Projekt nowelizacji przewiduje też zmiany dotyczące podziemnych tras turystycznych. Chodzi o ponad 50 miejsc, głównie kopalnie i jaskinie. Dziś zarządzający tymi atrakcjami muszą spełniać wiele wymogów z zakresu prawa górniczego. Tymczasem większość z nich dostosowana jest do miejsc, w których prowadzone są prace wydobywcze. W efekcie wielu atrakcjom turystycznym grozi zamknięcie, gdyż przychody z turystyki nie wystarczają na pokrycie irracjonalnie dużych wydatków.
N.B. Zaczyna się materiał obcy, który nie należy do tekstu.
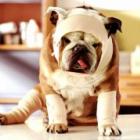 animais_de_estimacao_ganham_servico_de_emergencia_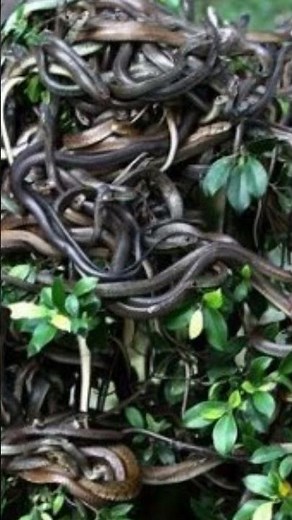 Faqat ilonlar yashaydigan borsa kelmas orol haqida bilasizmi?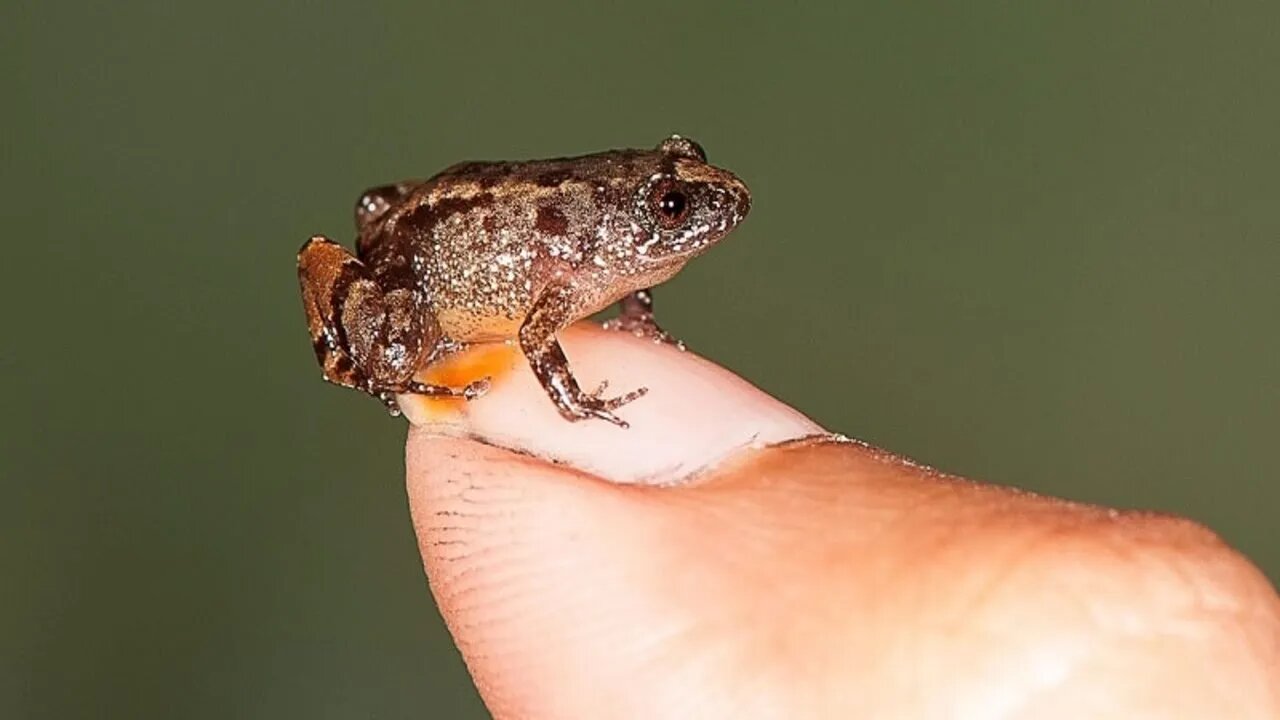 Menor Rã do Mundo (Paedophryne amauensis)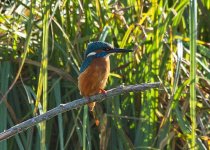 KIngfisher 1.jpg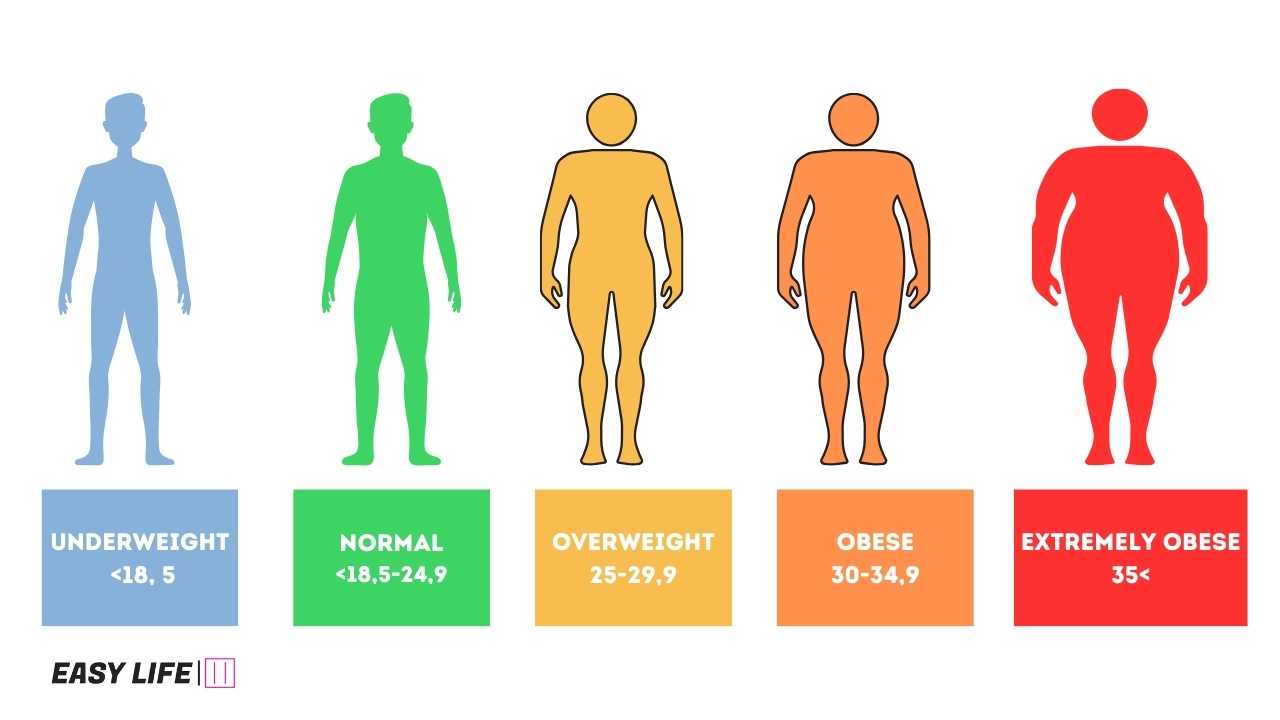 Obesity Measures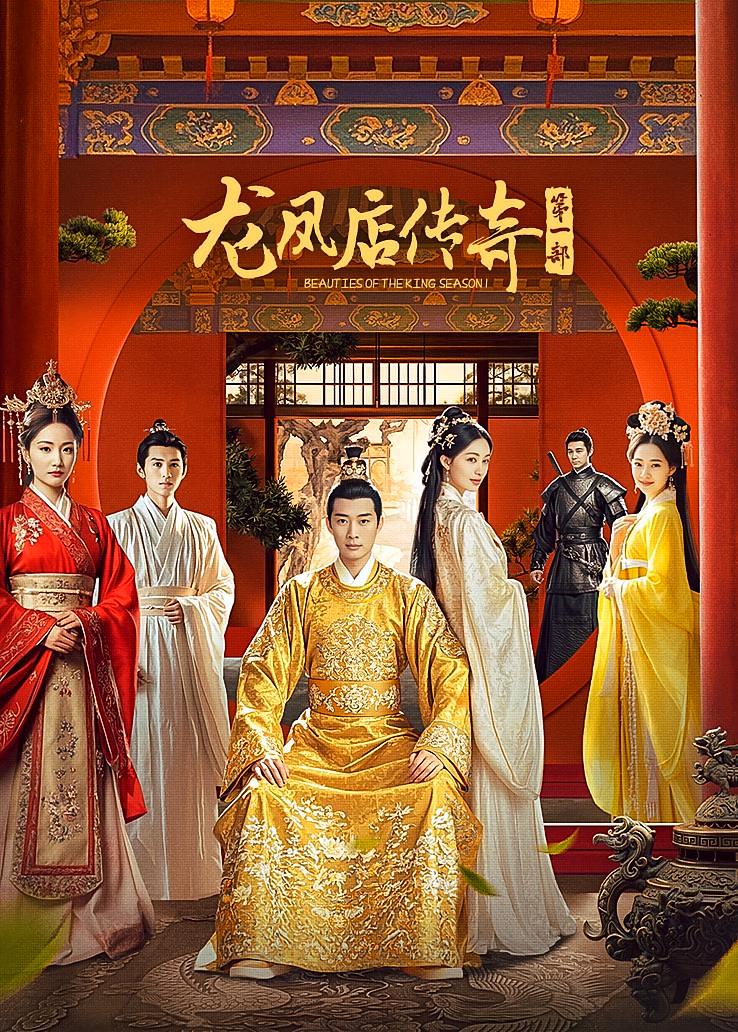 龙凤店传奇第一部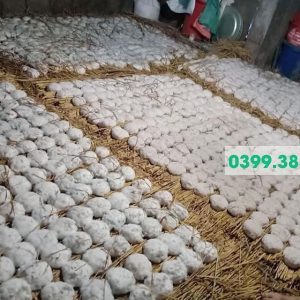 Hình ảnh bà con tự làm men lá Bằng Phúc từ thảo dược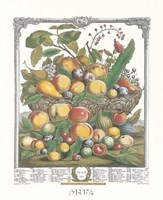 July/Twelve Months of Fruits, 1732 by Robert Furber, 1732 - 9" x 12" - $10.49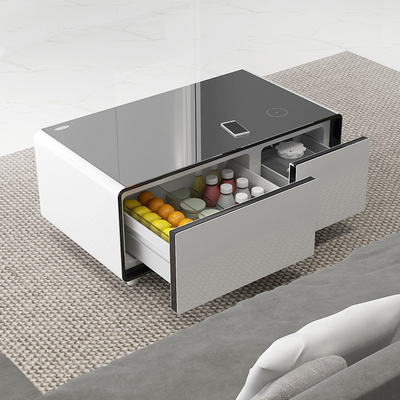 Stampa a schermo di seta PRIMST 2024 Refrigeratore a ricarica wireless per ufficio domestico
Po wejściu w życie nowych przepisów podmiot planujący prowadzenie działalności opartej na wykorzystywaniu podziemnej trasy turystycznej będzie musiał zgłosić się do marszałka województwa, a do zgłoszenia dołączyć opracowane zasady bezpiecznego użytkowania. Konieczny będzie także dokument ubezpieczenia odpowiedzialności cywilnej.

Projektodawca uważa, że obiekty są na tyle różne, że wymogi bezpieczeństwa należy zindywidualizować, bo przecież w bezpiecznej jaskini zbędny jest górniczy zespół ratunkowy, który z kolei może być konieczny w kopalni w nie najlepszym stanie technicznym.